- **Dataset content**
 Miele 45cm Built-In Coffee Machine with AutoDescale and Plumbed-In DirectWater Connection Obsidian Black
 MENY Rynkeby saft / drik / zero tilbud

* * *

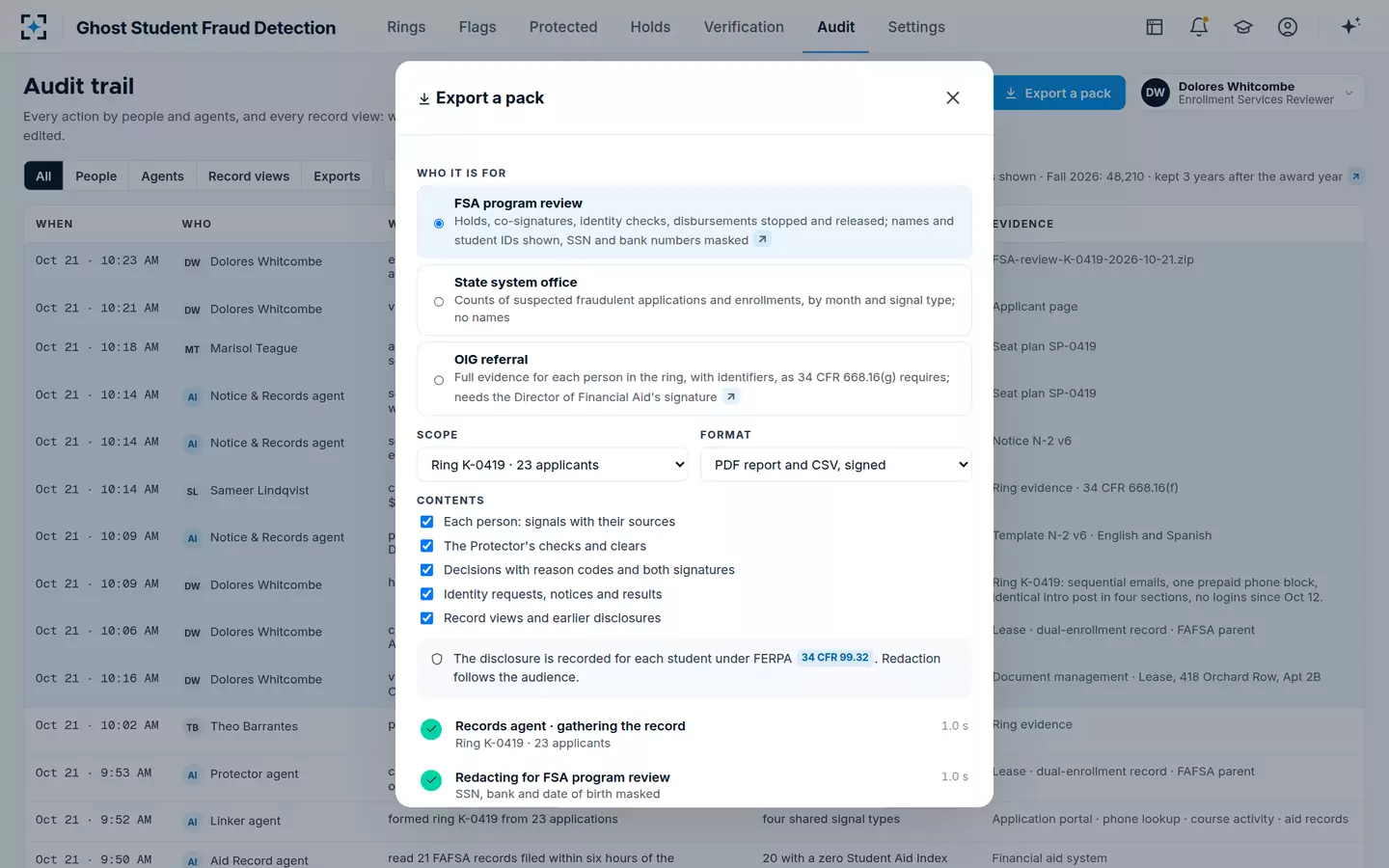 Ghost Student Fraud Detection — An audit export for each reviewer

==

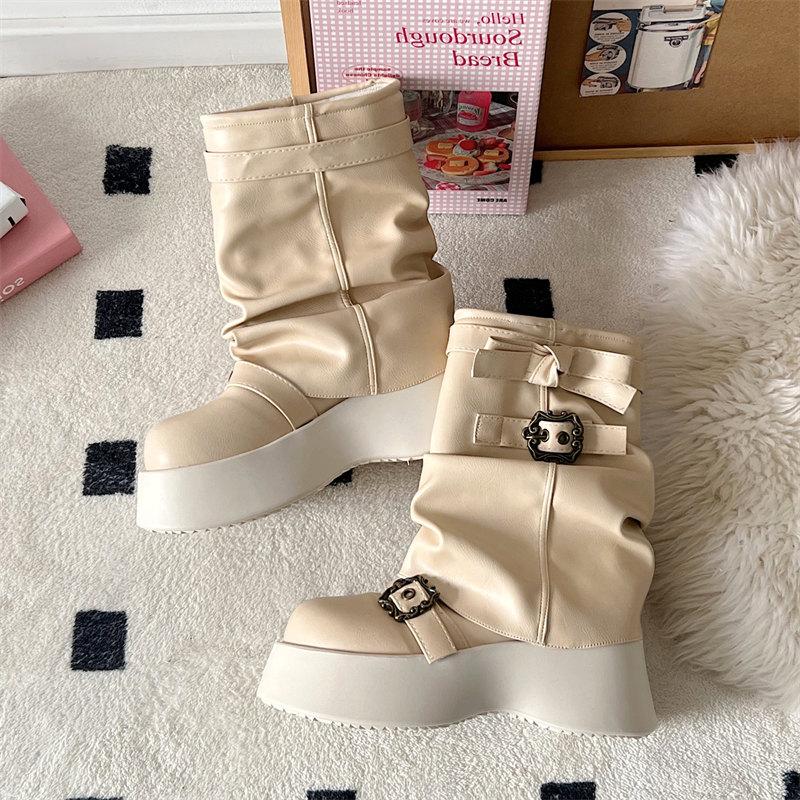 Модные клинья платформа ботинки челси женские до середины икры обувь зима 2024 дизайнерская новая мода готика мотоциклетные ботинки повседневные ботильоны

- **The problem**
Output should match, line for line, the stretch of the material above from the line holding "Miele 45cm Built-In" through the line holding "MENY Rynkeby saft / drik / zero tilbud".

- **Exercise result**
 Miele 45cm Built-In Coffee Machine with AutoDescale and Plumbed-In DirectWater Connection Obsidian Black
 MENY Rynkeby saft / drik / zero tilbud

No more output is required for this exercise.